• [Problem statement]
The exercise calls for exact output of the lines between the one that contains "MHQAA Lámparas inalámbricas" and the end of the data, with both ends kept and pictures left out.

• [Dataset excerpts]
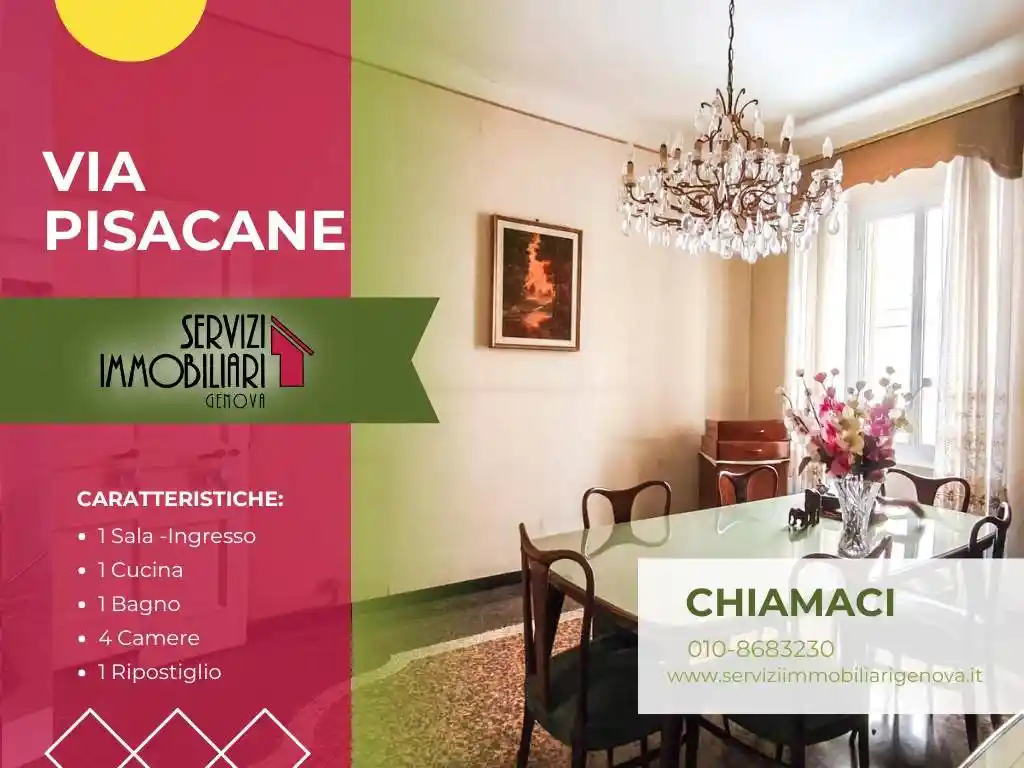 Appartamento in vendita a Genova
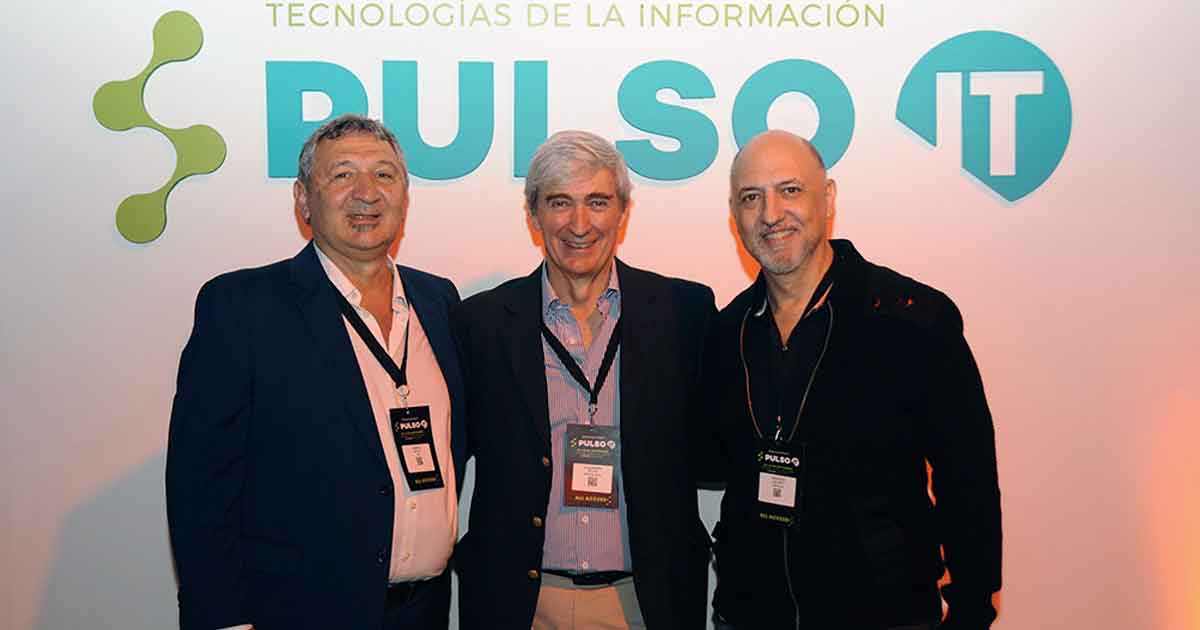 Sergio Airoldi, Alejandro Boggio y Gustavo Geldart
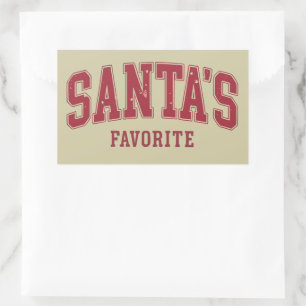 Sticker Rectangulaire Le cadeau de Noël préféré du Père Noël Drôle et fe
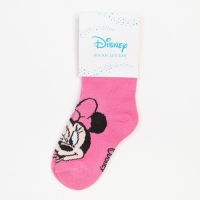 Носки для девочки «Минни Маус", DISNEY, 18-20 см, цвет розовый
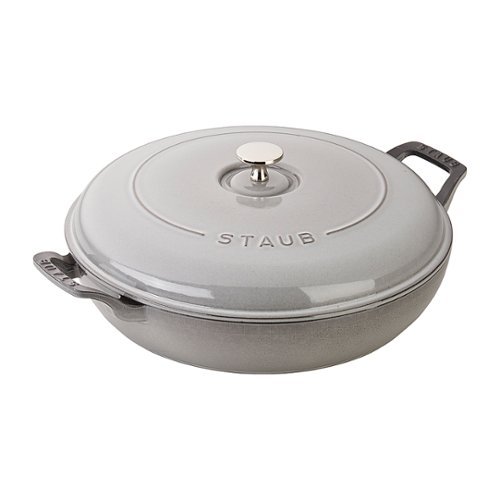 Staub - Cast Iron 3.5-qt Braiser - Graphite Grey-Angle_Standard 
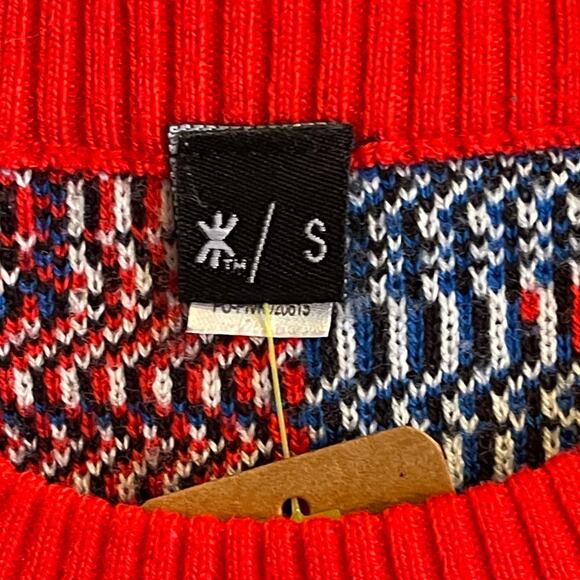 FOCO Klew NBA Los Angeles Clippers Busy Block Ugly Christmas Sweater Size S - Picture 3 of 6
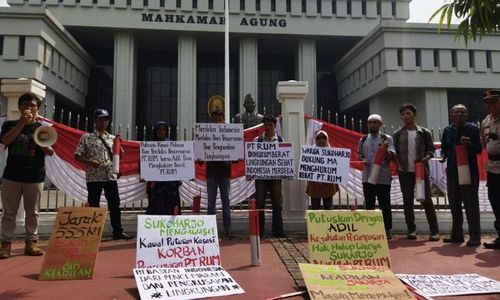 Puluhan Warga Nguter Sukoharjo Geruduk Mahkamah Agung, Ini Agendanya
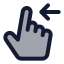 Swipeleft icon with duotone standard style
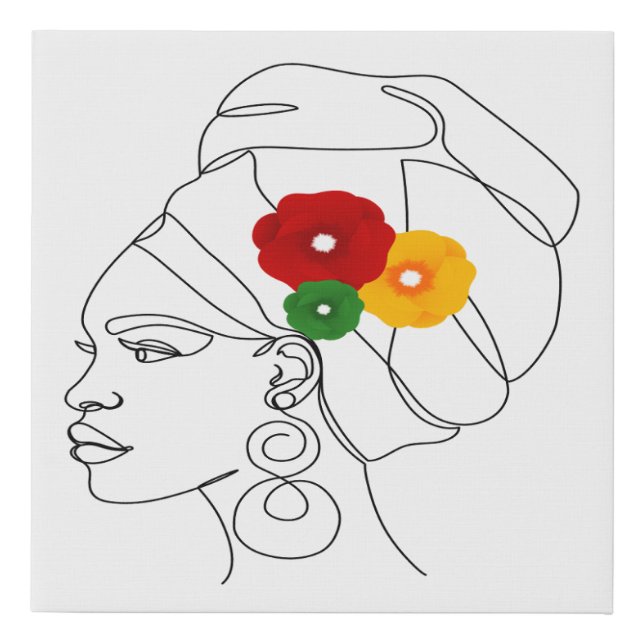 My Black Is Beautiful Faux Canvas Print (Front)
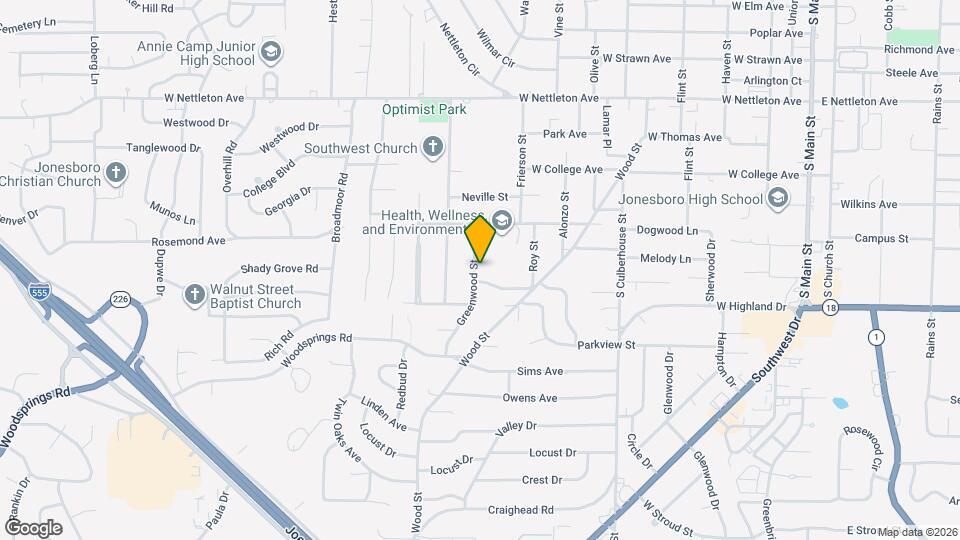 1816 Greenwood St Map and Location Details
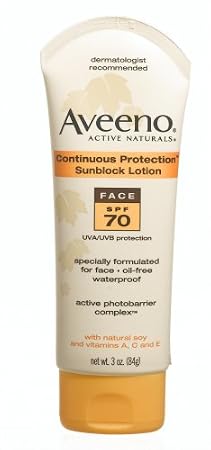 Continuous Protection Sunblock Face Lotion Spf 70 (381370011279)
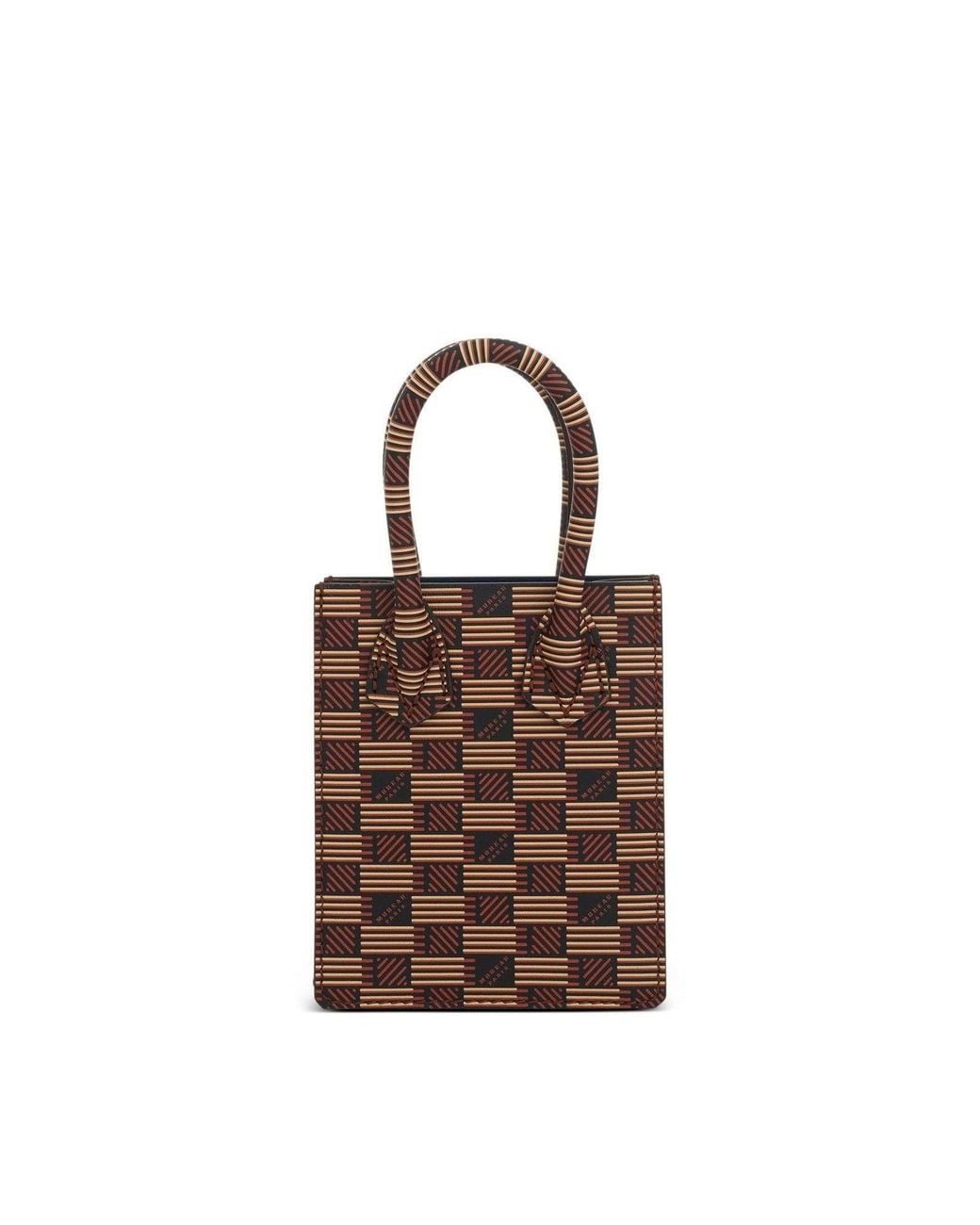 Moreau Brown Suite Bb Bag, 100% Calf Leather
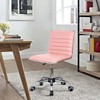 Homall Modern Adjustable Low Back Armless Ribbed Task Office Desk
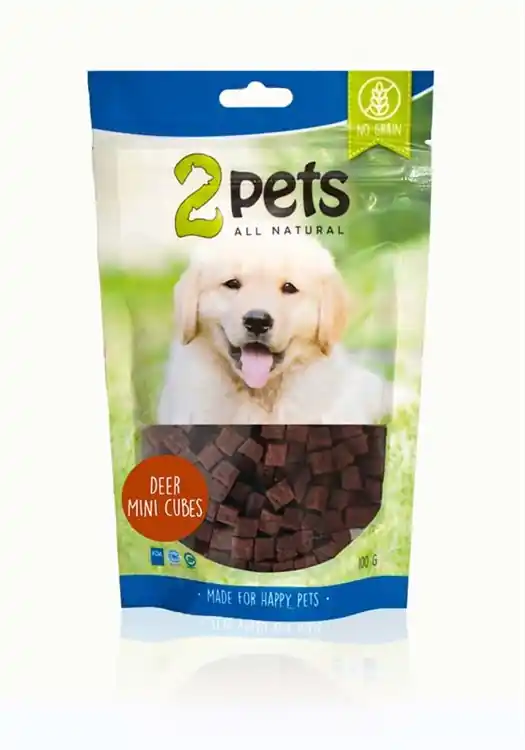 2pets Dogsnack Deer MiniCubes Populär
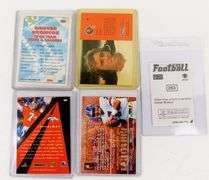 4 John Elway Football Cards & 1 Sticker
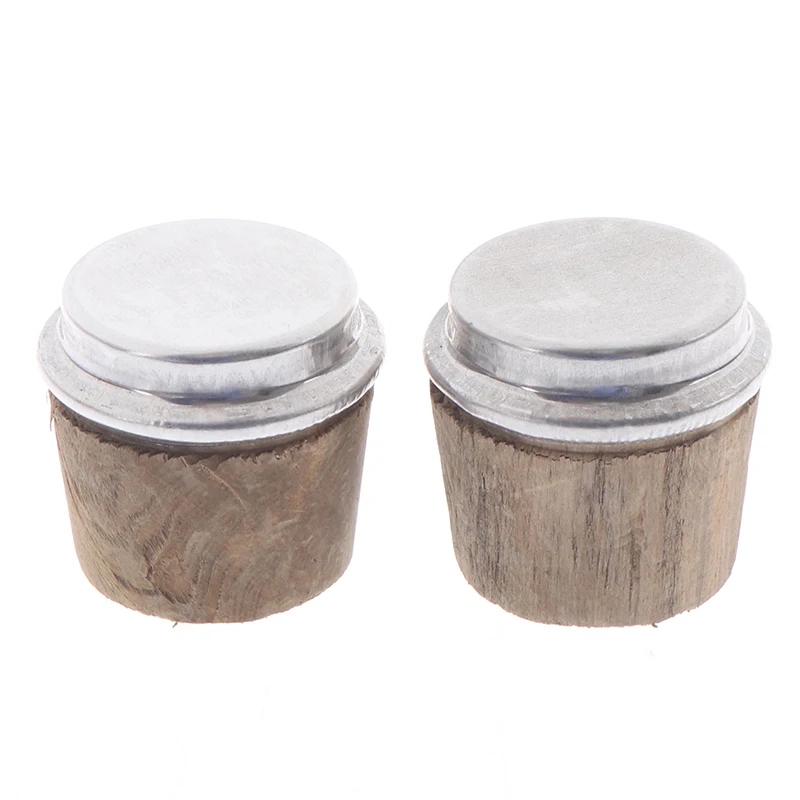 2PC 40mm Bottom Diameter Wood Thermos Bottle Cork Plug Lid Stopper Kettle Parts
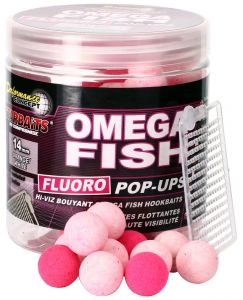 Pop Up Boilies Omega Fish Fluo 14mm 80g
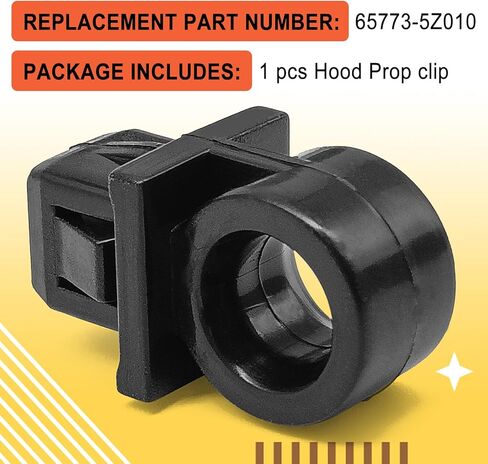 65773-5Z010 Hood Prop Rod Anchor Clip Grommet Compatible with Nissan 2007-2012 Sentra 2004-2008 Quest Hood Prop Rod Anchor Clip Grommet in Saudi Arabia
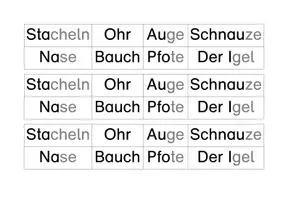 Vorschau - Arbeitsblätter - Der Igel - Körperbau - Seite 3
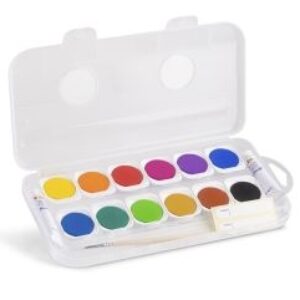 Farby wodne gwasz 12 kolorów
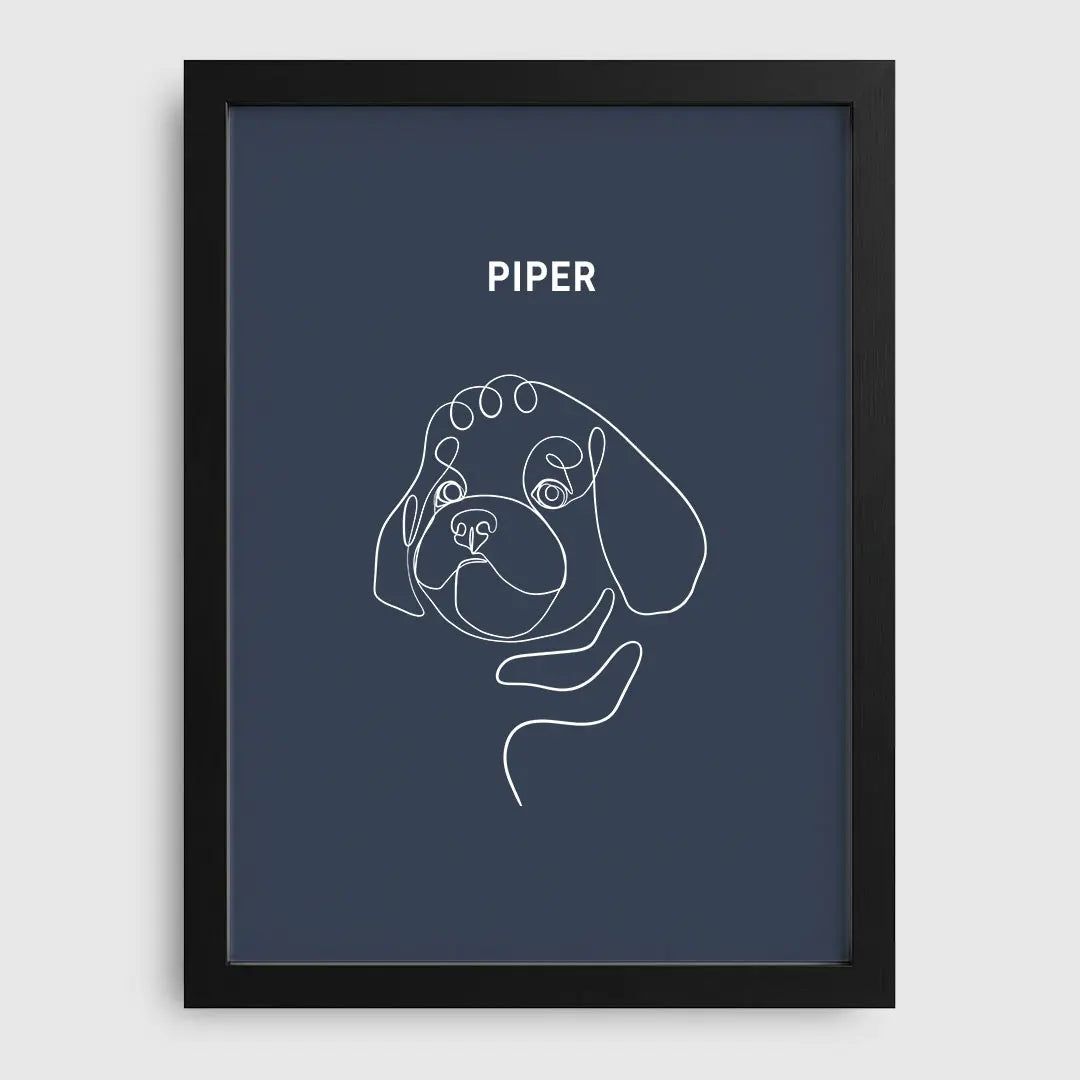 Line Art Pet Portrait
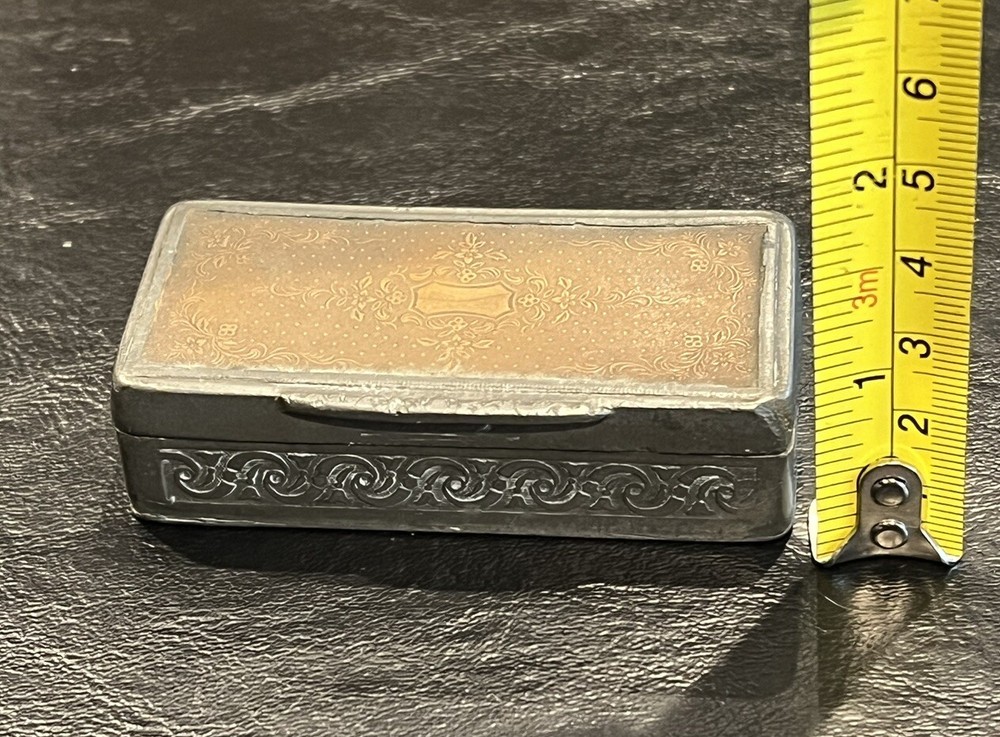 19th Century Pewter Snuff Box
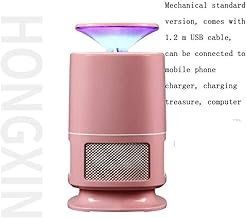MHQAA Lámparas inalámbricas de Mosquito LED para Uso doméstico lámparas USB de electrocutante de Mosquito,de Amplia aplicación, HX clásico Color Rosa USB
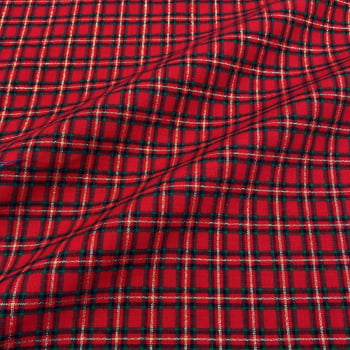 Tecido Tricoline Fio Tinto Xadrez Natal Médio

• [Answer box]
MHQAA Lámparas inalámbricas de Mosquito LED para Uso doméstico lámparas USB de electrocutante de Mosquito,de Amplia aplicación, HX clásico Color Rosa USB
 Tecido Tricoline Fio Tinto Xadrez Natal Médio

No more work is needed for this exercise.